THE COURT OF THE AIR: STEPHEN HUNT Friday 16 December, 2011

Welcome to The Kingdom of Jackals.

Steampunk. Like it or hate it it’s here to stay. It’s almost perfect for me, I tend to find books and films that are historically set hysterically boring. It means that we can go back in time and still have all the cool shit! Ace…unless you find yourself watching Will Smith, Ken Brannagh and Mr Phoebe Cates poncing around in the Wild Wild West.

Luckily for us Stephen Hunt has thrown his steam powered, mechanical hat into the steampunk ring. The Court of The Air is the first of his Jackelian novels. Jackelian because they concern The Kingdom of Jackals. A fictional country which is almost like a Dickensian society except that there’s actual living robots, magic and various other mental things going on.

In terms of imagination this book is in and amongst the front runners. The scope of the narrative is wide and far reaching and some of the environments it describes are breathtaking. There are no end of interesting characters and species to become familiarised with. I often find myself coming to the end of sci-fi/fantasy novel and feeling disappointed by how stunted the leaps of imagination had been. That is certainly not something I could hurl the way of The Court of The Air.
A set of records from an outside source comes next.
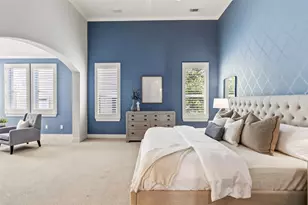 2823 Sherwin St, Houston, TX 77007 - Photo 37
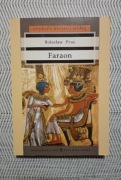 FARAON - Bolesław Prus 
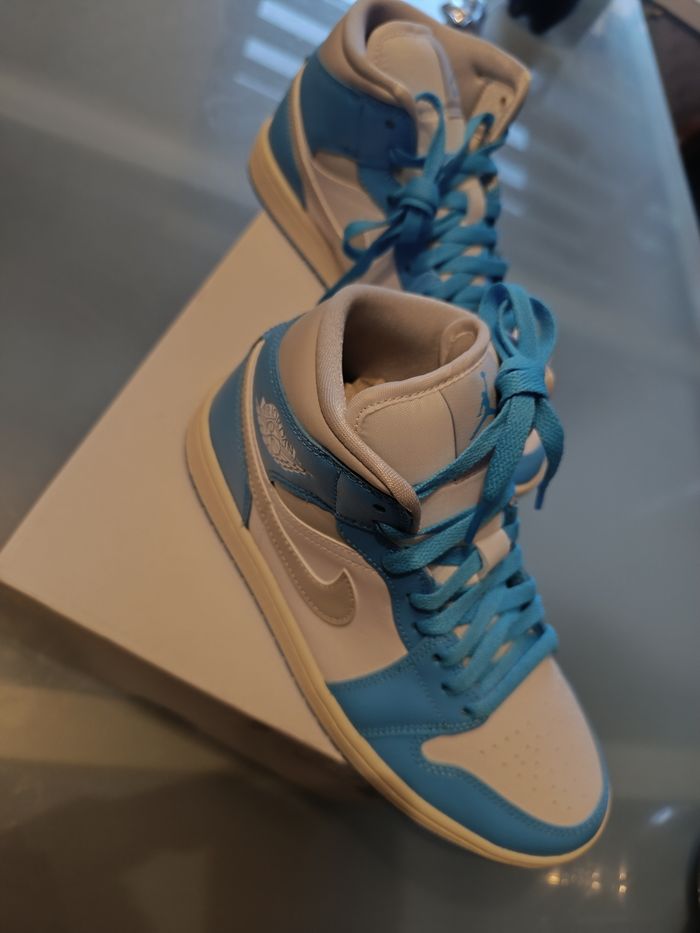 Nike neuf - photo numéro 2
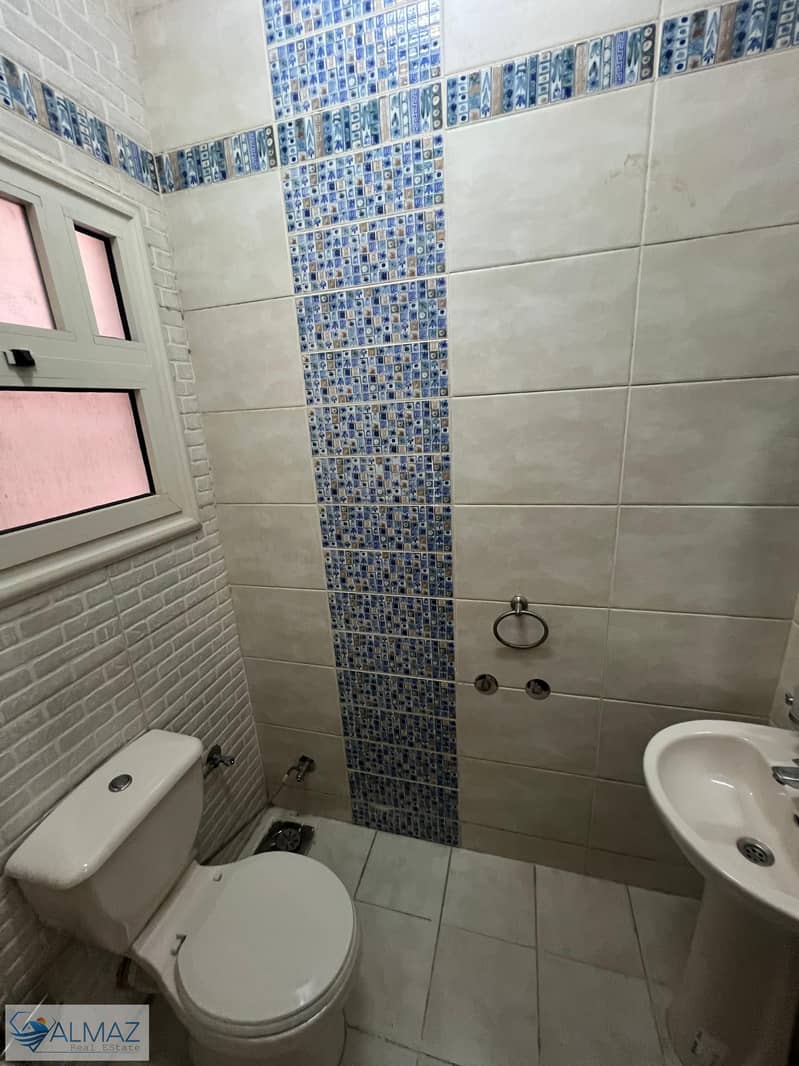 13 WhatsApp Image 2025-12-11 at 4.05. 27 PM. jpeg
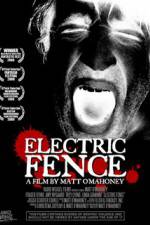 Watch Electric Fence 5movies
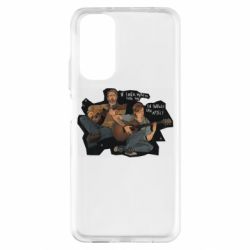 Xiaomi Redmi Note 11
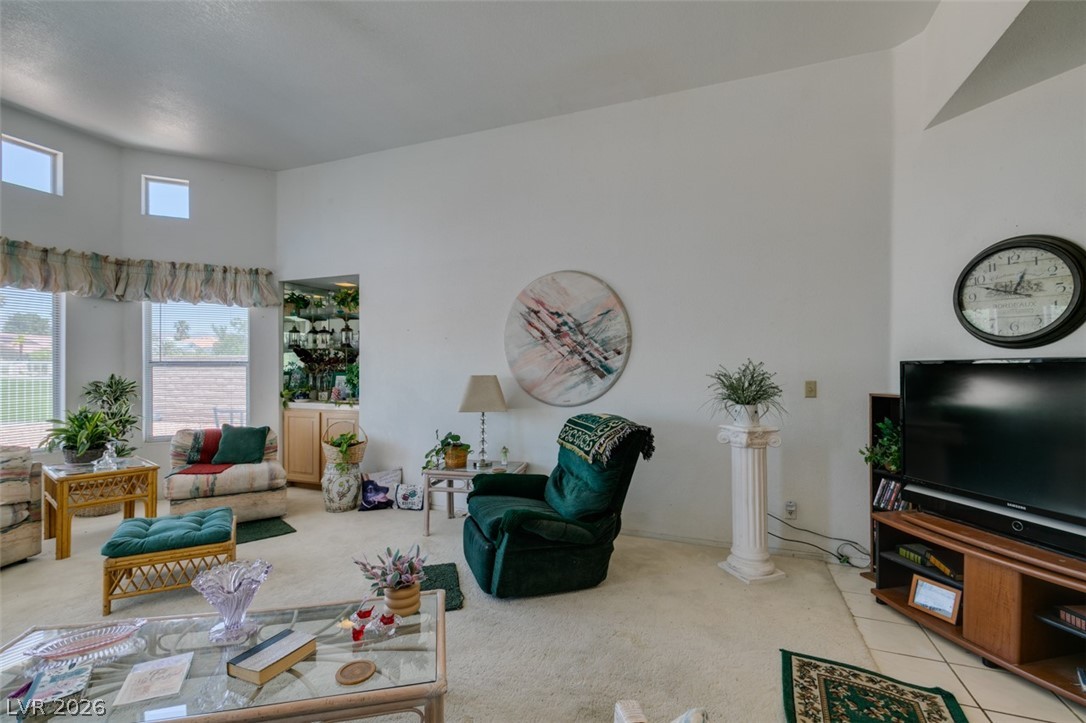 7848 Ben Hogan Drive Las Vegas NV 89149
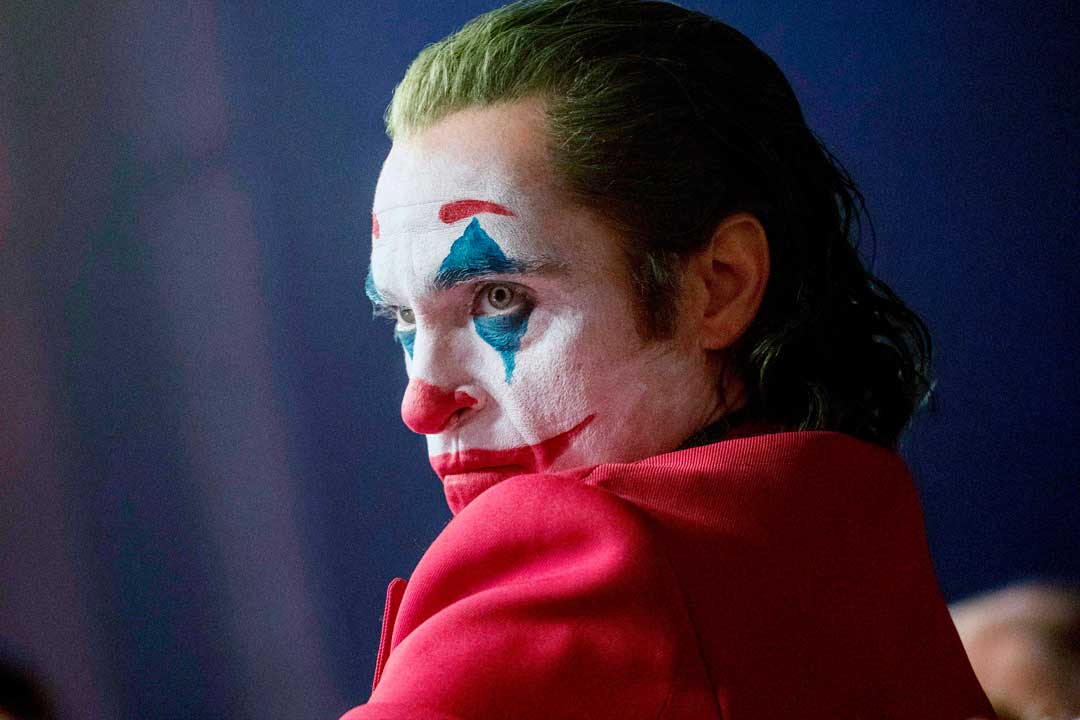 Joker 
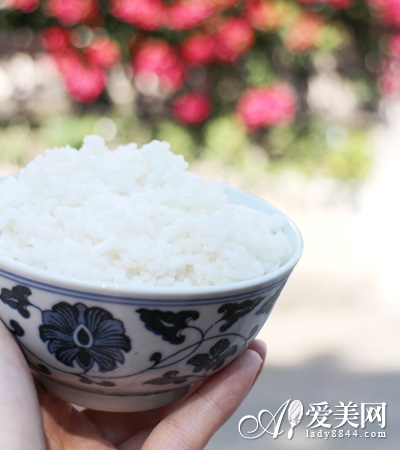  各種菜式 吃出曼妙身材 
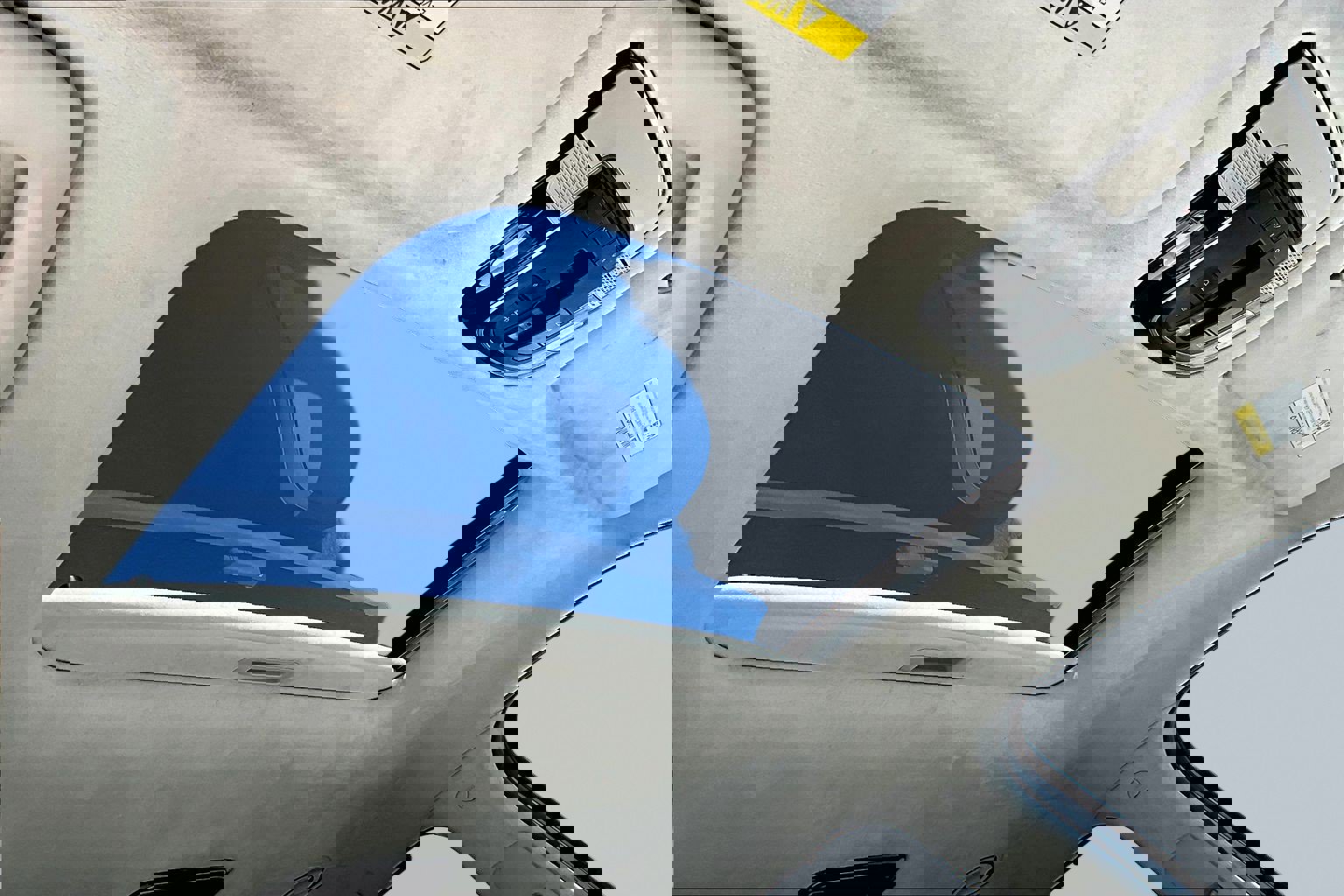 Used 2020 Hyundai Palisade Limited image 30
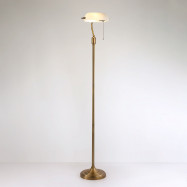 Vintage floor lamp...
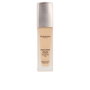 ELIZABETH ARDEN FLAWLESS FINISH skincaring foundation #430W Base de maquillaje 30 ml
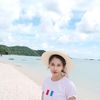 helentrang99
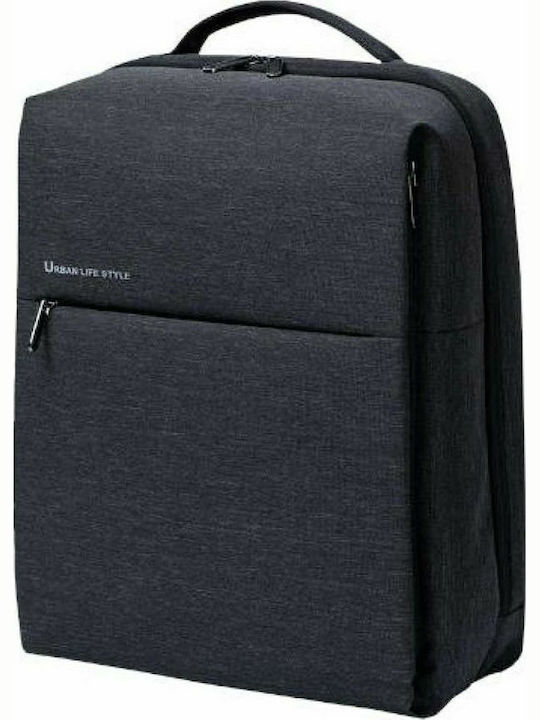 Xiaomi Mi City Waterproof Backpack Backpack for 15.6" Laptop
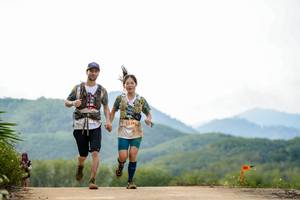 BIB: 5336
                            <button type="button" onclick="openModal(24740264)" class="btn btn-primary btn-sm float-right btn-popup" data-toggle="modal" data-target=".modal-high-quality">
                        <i class="fas fa-shopping-cart"></i> Add to Cart
                    </button>
                                            <button type="button" onclick="isThisMe(24740264, true)" class="btn btn-success btn-sm float-right btn-popup btn-isme hidden" data-toggle="tooltip" data-placement="bottom" title="นี่คือรูปของคุณใช่ไหม คลิกที่นี่เพื่อเอาเข้าอัลบั้ม">
                        <i class="fas fa-plus"></i> Add to album
                    </button>
                    <button type="button" onclick="isThisMe(24740264, false)" class="btn btn-warning btn-sm float-right btn-popup btn-isnotme hidden">
                        <i class="fas fa-ban"></i> Remove from album
                    </button>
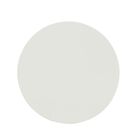 Round Table, , alternate image number null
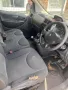 Peugeot expert Пежо експерт на части , снимка 4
If anything it can feel a little overwhelming at times. So much of the wonderful strangeness is discussed or mentioned in an offhand way as if the reader would already be in possession of that knowledge that it becomes difficult to find a handle to cling onto. I’m presuming that is an intentional choice in order to allow the reader to be fully immersed in the otherness of the book world but I craved a smidge more information.

With all of that shiny new, sparkling imagination on display it’s a shame that the plot is a little too linear and I felt like I was dealing with some concepts I had encountered before. At one point I felt like I was watching Akira. It’s almost like Stephen Hunt has woven the most incredible fabric and then cut and stitched a towel. If he can make his plotlines more ingenious than the Jackelian world will not be going to waste.

The only other gripe that I have with the book is that the two ‘lead’ characters seem to be little more than windows through which the reader views the action. Perhaps I have overlooked a lot of the characterisation but I finished the book feeling that I did not really know that much about the two of them. ┬áThe supporting characters seem to be much more vivid in my memory. Another side effect of the lack of depth to the two lead characters is that I found myself switching off from time to time. I was never really pulling for them to succeed or worried that they might fail.

These comments might make it seem like I didn’t enjoy the book. Which is not the case at all. I’ll definitely be delving further into the Jackelian world only I’ll be hoping that Mr Hunt addresses the things I’ve mentioned.